● PROBLEM REQUIREMENTS:
With the pictures left out, write out exactly the lines of the listing below that run from the line with "兰花焦尖是怎么回事 兰花焦尖怎么办?" through the line with "Scoot Airlines Fleet".

● SUPPLIED RECORDS:
○ ○ ○ ○ ○ ○ ○

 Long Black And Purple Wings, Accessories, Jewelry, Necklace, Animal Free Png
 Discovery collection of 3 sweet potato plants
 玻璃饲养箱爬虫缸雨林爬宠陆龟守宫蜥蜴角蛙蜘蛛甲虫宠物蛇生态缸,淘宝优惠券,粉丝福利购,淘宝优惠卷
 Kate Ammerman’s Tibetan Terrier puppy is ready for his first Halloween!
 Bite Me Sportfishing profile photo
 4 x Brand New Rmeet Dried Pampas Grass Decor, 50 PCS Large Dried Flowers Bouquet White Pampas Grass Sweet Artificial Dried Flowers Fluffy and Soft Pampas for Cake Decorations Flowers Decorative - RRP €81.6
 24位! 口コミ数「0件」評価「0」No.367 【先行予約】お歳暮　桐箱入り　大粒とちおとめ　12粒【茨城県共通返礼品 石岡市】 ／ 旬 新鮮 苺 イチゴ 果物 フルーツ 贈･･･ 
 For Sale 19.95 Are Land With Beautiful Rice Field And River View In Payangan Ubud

○ ○ ○ ○ ○ ○ ○

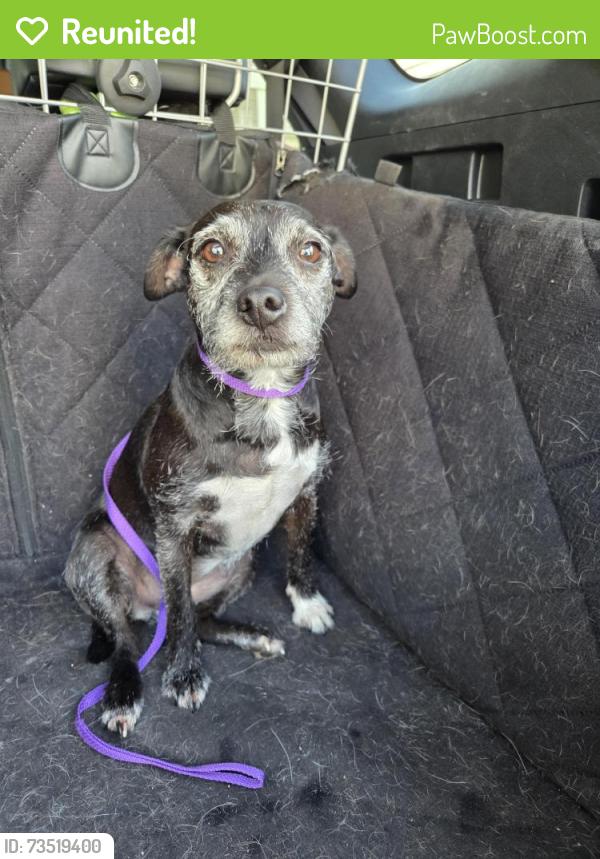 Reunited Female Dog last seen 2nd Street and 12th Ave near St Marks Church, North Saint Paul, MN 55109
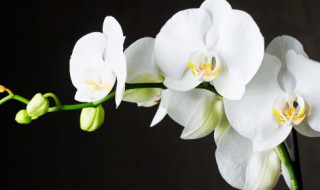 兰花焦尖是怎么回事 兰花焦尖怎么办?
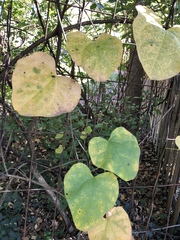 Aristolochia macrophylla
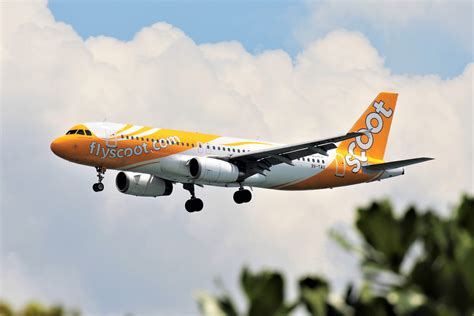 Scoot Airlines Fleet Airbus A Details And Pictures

○ ○ ○ ○ ○ ○ ○

● YOUR RESPONSE:
 兰花焦尖是怎么回事 兰花焦尖怎么办?
 Aristolochia macrophylla
 Scoot Airlines Fleet Airbus A Details And Pictures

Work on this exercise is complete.